The best part of the Shark book is it tips you off on how to know, when watching repeats, when it is an episode that comes post-shark-jumping. For example, the Drew Carey Show went downhill after it switched its theme song to Cleveland rocks.
Much better - more astute, witty, informative and amusing - is Television Without Pity's book.
Additionally, the Television Without Pity book has a wider scope than just on when a series begins to tank, focusing, for example, on trends in television and how inane so many game shows are.
For example, instead of just reviewing the Day After as a program it speaks of how it affected my generation (and yes I had nightmares about that program
remembered by millions of '80s kids as the single most terrifying universal formative event of their childhoods (until the Challenge disaster two years later), The Day After dramatized the aftermath of a nuclear strike on American soil. Critics complained both that it was too sensationalistic a topic to be covered on such a vapid medium as tv and that it soft-soaped some of the catastrophic effects of nuclear warfare. The lasting effect of the film on us include a somewhat irrational terror of all apocalyptic events..."
It also does not hurt that the book properly mocks those who deserve mocking, including David Caruso David Cassidy and Chevy Chase (who was apparently a sexist jerk while at Saturday Night Live. That reminds me - I need to read Tom Shales' book about Saturday Night Live.
I thought it might help to do a side-by-side comparison of the two books addressing the same program, namely Buffy the Vampire Slayer.
Compare, for example, sections of the books' descriptions of Buffy
This from the Jump the Shark book
Buffy saved the world... a lot. Thanks to Joss Wheedon, Buffy is a rare gem that has proven to be better on the small screen than it was on the large one. Much better. The show manages to deftly mix comedy and horror with much success and its tongue firmly planted in cheeks and other orifices. ....
Trying to recover from losing Angel, Buffy enters college and meets up with Riley and the Initiative. This mysterious underground lab beneath the college streets catapulted the Slayer right over the shark. Spike's chip, Willow ditching Oz and his wolfman side for Tara (not that there's anything wrong with that), and Faith's body switch were too much for us to handle.
Our fears were confirmed the following season whem, like Ralph Macchio on Eight Is Enough, Buffy's mysterious sister, Dawn, showed up. Granted, tehre have been some brilliantly written episodes since the destruction of the initiative. Buffy has sung, danced, died, and come back again.
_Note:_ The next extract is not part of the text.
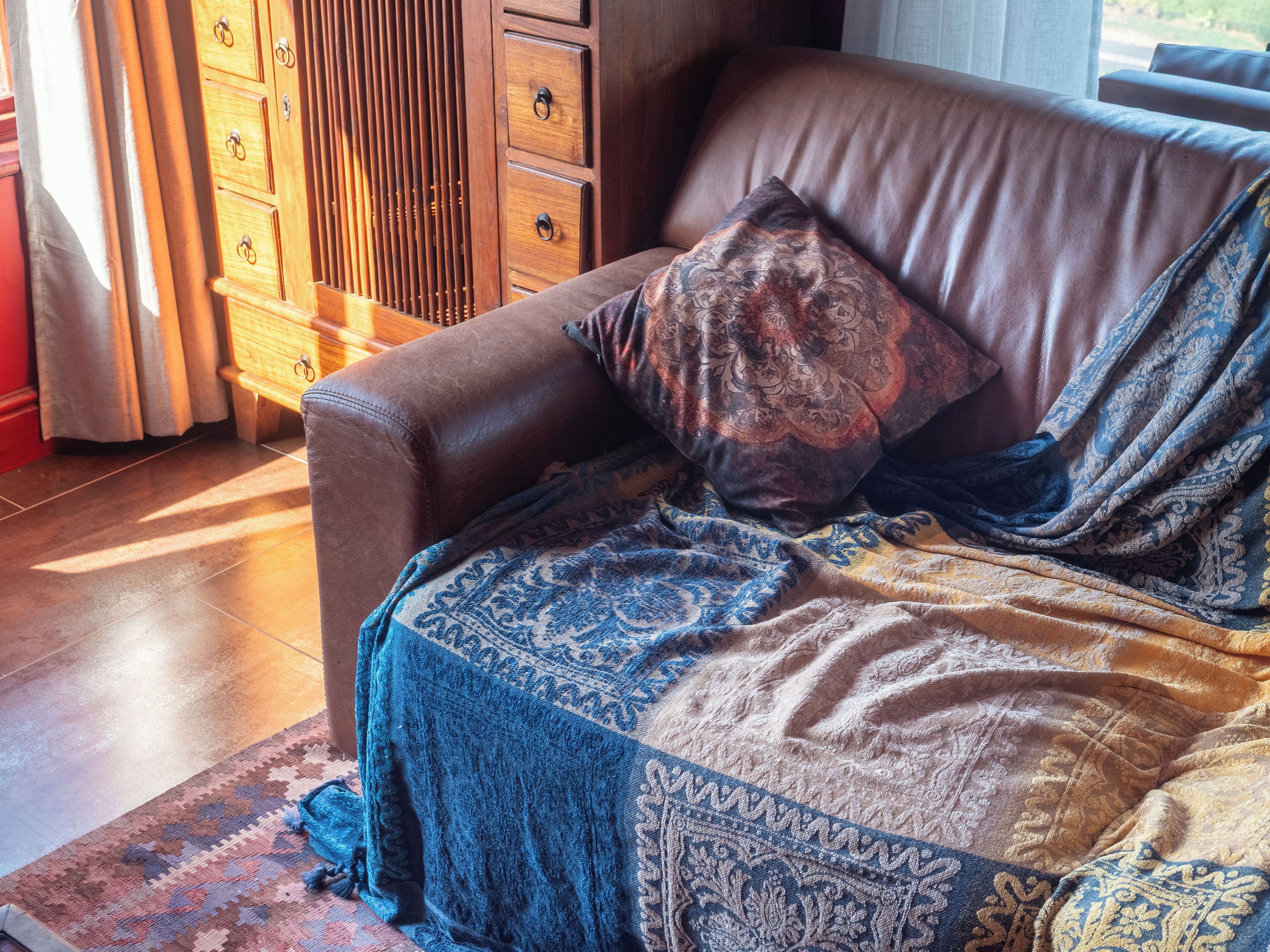 A brown leather sofa with a patterned throw blanket and a decorative pillow.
But regardless of the power it may possess and its ability to repeatedly avoid the shark, no program could survive a move to UPN anyway.
compare that to TWOP:
That rarity among both teen shows and WB (and, later, UPN) fare: a well-written, often touching drama about a ditzy cheerleader type with vampire-killing superpowers, whose metaphorical premise - physical demons standing for inner ones - actually worked. The show provided an excellent role model for young girls. Buffy... kicked ass every week, literally, a long-running schmoopy love story, beloved supporting characters, and meditations on the nature of high school that never got too sticky. Once the characters contrivedly all went to college together, the cracks began to show, but Buffy remained "don't call me during" appointment viewing for all of its seven seasons."
Overall, the Television Without Pity book is more substantive and thoughtful than the other. There is a reason why the Pity site is my go-to site for television reviews and recaps.